SPE-LC-MS/MS Method for the Determination of Nicotine, Cotinine, and Trans-3-hydroxycotinine in Urine

Significance of the Topic

Accurate measurement of nicotine and its primary metabolites cotinine and trans-3-hydroxycotinine in urine is essential for clinical toxicology, smoking cessation monitoring, exposure assessment and pharmaceutical research. High-throughput, sensitive and reproducible methods enable laboratories to process large sample batches with confidence in data quality and consistency.

Objectives and Study Overview

This application note presents the development and validation of a solid phase extraction liquid chromatography tandem mass spectrometry method for quantifying nicotine, cotinine and trans-3-hydroxycotinine in human urine. The goals were to streamline sample cleanup, achieve rapid chromatographic separation and demonstrate robust analytical performance across a broad dynamic range.

Methodology

Sample pretreatment involved spiking blank urine with analyte standards and a deuterated internal standard, followed by centrifugation. Solid phase extraction was performed on SOLA CX cartridges under a conditioning, loading, washing and elution protocol. The dried extracts were reconstituted in aqueous methanol and injected onto a UHPLC system. Chromatographic separation used a C18 column with a methanol–ammonia gradient delivering complete elution within three minutes. Detection employed positive mode heated electrospray ionization and selective reaction monitoring transitions for each analyte and internal standard.

Used Instrumentation

• Sample concentrator and 96 well plate vacuum manifold for SPE processing
• Thermo Scientific Accela 600 pump coupled to a Syncronis C18 1.7 µm 50 x 2.1 mm analytical column with guard
• Thermo Scientific TSQ Vantage triple quadrupole mass spectrometer with HESI source
• Thermo Scientific LCQUAN software for data processing

Main Results and Discussion

Calibration curves were linear over 1–1000 ng/mL for nicotine and cotinine, and 10–1000 ng/mL for trans-3-hydroxycotinine with correlation coefficients above 0.999. Limits of quantitation ranged from 1 to 10 ng/mL. Intra- and inter-day precision at three QC levels showed relative standard deviations below 9.0 percent. Mean accuracy based on relative error was within ±15 percent (±20 percent at the LLOQ). Extraction recoveries exceeded 79 percent for all compounds. Chromatograms demonstrated sharp peaks and no significant matrix interferences.

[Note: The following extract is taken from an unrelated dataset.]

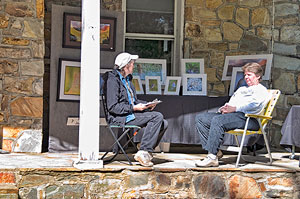 Julia Flanagan photographs displayed on the front porch of the Stone House Visitor Center lawn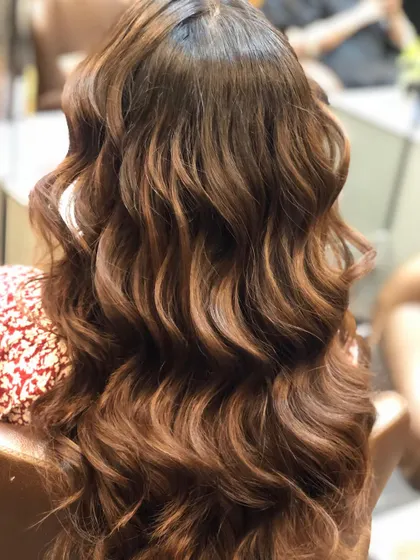 This shows a rich, warm brown balayage with soft waves. The colour is concentrated towards the ends to create a gentle, cascading effect.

Benefits and Practical Applications

• Rapid three-minute chromatographic cycle supports high sample throughput
• Minimal solvent and sample volume requirements reduce cost and waste
• High recovery and reproducibility ensure reliable quantitative data
• Applicable to clinical, forensic and pharmacokinetic studies

Future Trends and Potential Applications

Ongoing developments may include automation of SPE workflows, online SPE–LC–MS/MS integration, miniaturized and microflow chromatography for enhanced sensitivity, and extension to novel biomarkers in alternative matrices such as saliva or dried blood spots. Machine learning algorithms could further improve peak integration and quality control in large-scale studies.

Conclusion

The validated SPE-LC-MS/MS method combining SOLA CX extraction and Syncronis C18 UHPLC enables fast, sensitive and reproducible quantification of nicotine and its metabolites in urine. It meets rigorous accuracy, precision and recovery criteria, making it suitable for routine high-throughput bioanalytical applications.